What is in a name? For IWC Schaffhausen, quite a bit. While IWC is a Swiss watchmaker, the company retains the original name given it in 1868 by its American founder, the International Watch Company. The 27-year-old manager of a leading watchmaker in Boston, Florentine Ariosto Jones envisioned the potential of combining Swiss watch making skills with American engineering and production. He originally approached the region in Switzerland where most watchmakers were located, but they did not embrace his vision. This may have been for the best, as an industrialist with watchmaking roots named Heinrich Moser had constructed a large dam on the river Rhine on the opposite side of Switzerland. The young American’s vision of bringing modern manufacturing to the art of Swiss watchmaking found a receptive home in Moser’s town of Schaffhausen. The International Watch Company also found a home.

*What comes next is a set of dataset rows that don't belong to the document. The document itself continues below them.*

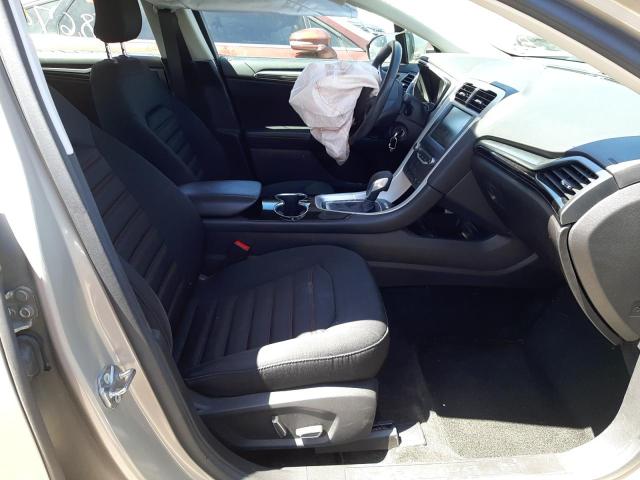 2015 FORD FUSION SE 3FA6P0HD1FR305180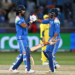 Gaddafi Stadium Knocked Out Of Champions Trophy”: Memes Galore As India Enter ICC Event Final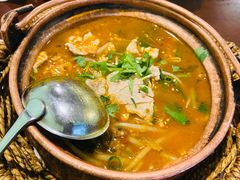 -紫滇源云南生态菜(丹凤街店)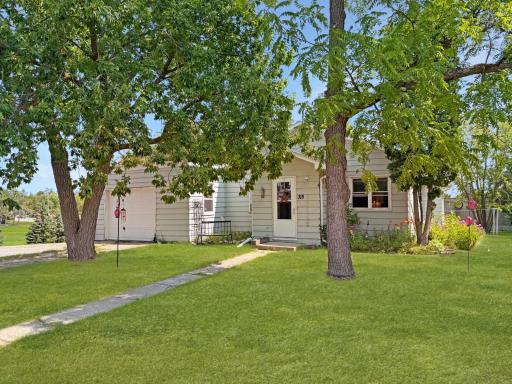 318 Clearwater Avenue NW, Bagley, MN 56621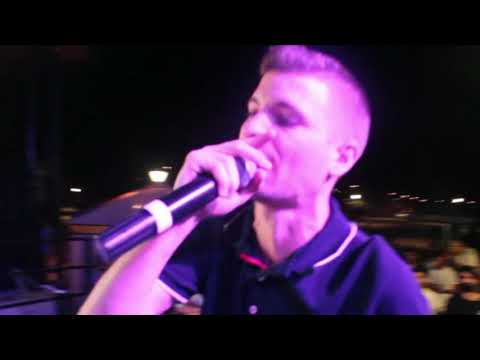 PSYCO VS VIVI -CUARTOS- ALMORADI URBAN FESTIVAL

For several years, F.A. Jones built factories and made watches, but he eventually returned to America, at which point the Rauschenbach family took control of IWC; they would run IWC successfully for four generations. IWC was known for producing watch components for other watchmakers and had several innovations, but the Portugieser watch, for which IWC is known, arrived in 1939. Aware of IWC’s reputation, it was the result of two Portuguese businessmen’s request to produce a large sized wristwatch for the navy that would be as accurate as a marine chronometer. Soon after in 1940, IWC produced other large watches for German pilots, which at over 46mm became known as the Big Pilot’s watch. When in 1944, IWC produced a wristwatch for the British Army, its reputation as a manufacturer of military watches was secure.
Later in 1950, IWC introduced its first in-house developed automatic movement, which they used to power their new Ingenieur watch introduced in 1955. The Ingenieur was subsequently redesigned in 1976 by Gerald Genta, the famed designer of the Audemars Piguet Royal Oak. When the world soon became smitten with undersea exploration, IWC contributed the Aquatimer dive watch in 1967 that was water-resistant to 200 meters and used a rotating time bezel under the crystal.
Committed to its founding principles of combining modern industrial engineering with the art of watchmaking, IWC has introduced several innovations over the years, including producing a split-seconds chronograph with a simpler and durable movement, and during the height of the demand for quartz watches, a mechanical perpetual calendar movement with moon phase. IWC ownership has changed hands several times over its history and it has evolved with the changing world, but it remains what it has always been, the International Watch Company in Schaffhausen, combining modern technology with the art of Swiss watchmaking.